Ingesting or inhaling insecticides may lead to an altered state of perception and/or consciousness, producing euphoria similar to that from methamphetamine use.1 This use of pyrethroids, a chemical component commonly found in household insecticides (eg, Raid Ant & Roach), can result in hyperexcitation. We present a case of pyrethroid toxicity associated with altered mental status (AMS) in a patient who smoked insecticide-laden marijuana. The patient became hyperexcitable, combative, and agitated within 4 hours of ingestion. Upon evaluation, the patient’s laboratory results were remarkable for leukocytosis, hyperlactatemia, mild transaminitis, and rhabdomyolysis. The patient received aggressive intravenous (IV) hydration and symptom management during hospitalization, which resulted in normalization of creatine kinase and improved mentation.
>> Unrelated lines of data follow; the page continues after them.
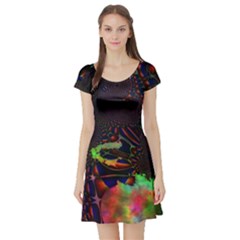 The Fourth Dimension Fractal Short Sleeve Skater Dress by BangZart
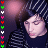 Pixelated image of a person with closed eyes and pink lips, wearing dark striped clothing against a gradient background with vertical colored symbols.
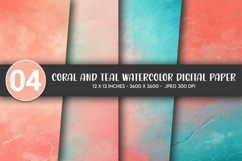 Coral and Teal Watercolor Digital Paper Product Image 1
Modifying or combining compounds, such as dousing a burnable substance (eg, marijuana, tobacco, spice) with insecticide and smoking it, is a way for substance users to increase their high.1 Individuals utilizing this method may experience a faster onset of a euphoric altered state of cognizance, but they may also exhibit drooling and lethargic movements. The method has gained popularity due to its accessibility for purchase (ie, it is not a regulated substance) and cost, and because it is untraceable in routine, standardized drug panels.2 Investigators in a study from Kentucky reported that 1 in 6 individuals who use drugs endorsed the use of “wasp dope,” the drug trend combining insecticide-containing pyrethroids with illicit substances. Wasp dope is strongly associated with homelessness, lack of transportation, methamphetamine use, and injection drug use.1
Insecticides containing pyrethroids can cause toxic effects that interfere with the central nervous system. Pyrethroids are sodium channel blockers that delay the closure of sodium channels and prolong neuronal excitation, resulting in symptoms such as paresthesia and increased salivation.3,4 Although this class of chemicals is typically not harmful to humans, high-dose exposures can cause neurotoxicity. Despite its potential harm, the toxicity of pyrethroids has not been studied extensively.5,6 We offer a case report on a patient who presented to the emergency department (ED) with altered mental status following the use of insecticide-laden marijuana.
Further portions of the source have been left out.